Wonder whose keeping them, how long have they had them and what source of food do you use ?

Thanks,


----------



## DurhamReefer (Oct 5, 2016)

I had one for a while. He was eating live pods off the rocks. He seemed to be doing quite well, his colour was much better than when I got him and he put on weight.
I think I killed him by stressing him out. I was trying to get a bully of a tang out of the tank and I think that's what did it. Next day he was breathing heavy, following day he was dead. Nothing changed in the tank other the failed tang capture.
I tried feeding him frozen pods and oyster eggs. Didn't work, only live would do.


----------



## TBemba (Jan 11, 2010)

How long did he Last and what type?

I wondered if any ever been trained to eat prepared food


----------



## Crayon (Apr 13, 2014)

Coral reef shop has a few dragon face, alligator and banded pipe fish last week. Red said the dragon face were eating frozen. I didn't see it, but I believe Red


----------



## teemee (Aug 29, 2009)

I have a blue line pipe - i've only had it for a few months, though. I tried three that were in a small section together at the LFS and weren't fighting, but the second they went in my tank - definitely all males, and a turf war ensued. I threw one in my nps tank and have seen it a few times, and the most aggressive one is in my 20g microfish tank. It eats pods for sure, but may also eat the little bit of larrys and NPS food I put in for the gorgonians in the tank. It's pretty fat so its definitely eating something.


----------



## TBemba (Jan 11, 2010)

I have a pair of dragon face pipefish for two weeks now.
They are out and about and look like they're eating.

Just hoped someone had a successful experience with any type.

I saw the various pipefish at the coral reef shop the Friday they came in, I was there picking up some reef nutrition and I feed Larry Reef Frenzy.

I have two bottles of Copepods in the tank over a month ago.


----------



## notclear (Nov 5, 2011)

I had a pair of dragon face, but they didn't last long, probably only 3 months or so!


----------



## Crayon (Apr 13, 2014)

I have blue line pipefish in my small tank for the past year and they were eating Larrys. I had a banded pipefish in my refugeum for about 8 months that never ate anything except live pods. I think it went through the entire pod population and was not sustainable.


----------



## TBemba (Jan 11, 2010)

Fortunately the pair I have at least the male is eating the reef nutrition tigger feast out of the water column for the past few days. I'm mixing larrys Reef frenzy with some phytoplankton and the tigger feast. I added the 2 bottles of Copepods over a month before I got them. So if they perish then I'm unsure I can do any more for them. But they're both very alert and hunting constantly and picking. They don't look thin but I doubt they ever could.


----------



## twobytwo (Oct 25, 2014)

I just picked up a pipefish. My frag qt tank was being overrun with pods and some flatworms. Thought it would be a cute pet for the tank. Acclimated it last night and after going in the tank, it started scooting around, picking pods off the rock I have in the tank. Lots of fun.

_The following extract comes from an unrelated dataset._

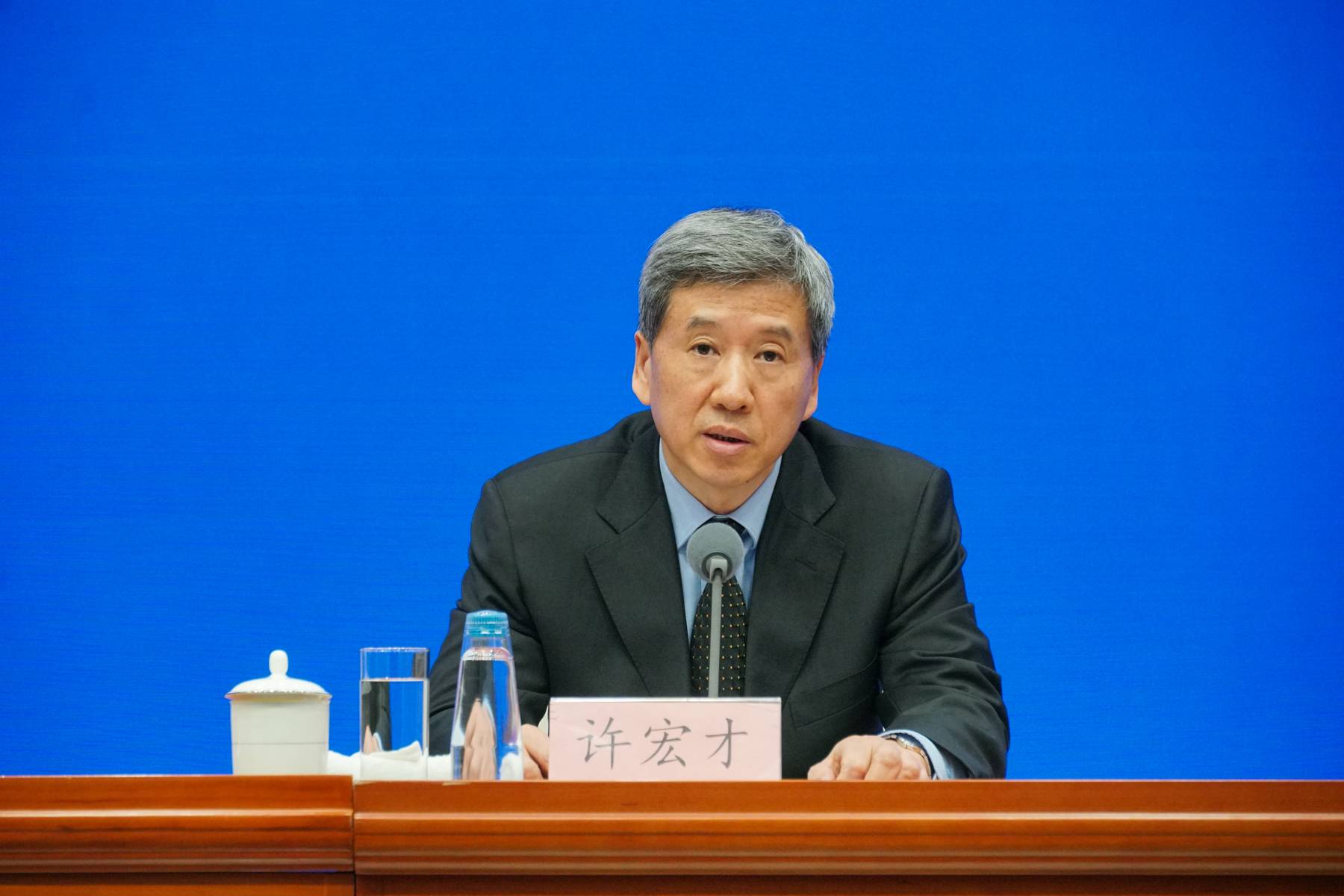 财政部副部长许宏才 &nbsp;&nbsp;澎湃新闻记者 周頔 摄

Picked it up from Aquatic Kingdom, they also had banded pipefish. It was labled as alligator but when i look online, I'm confused if its that, or a dragonface. The Big Als next door also had banded pipefish and green alligator pipefish


----------



## TBemba (Jan 11, 2010)

Here's a pic of one of my dragon face pipefish


----------



## twobytwo (Oct 25, 2014)




----------



## TBemba (Jan 11, 2010)

Yep dragon face pipefish


----------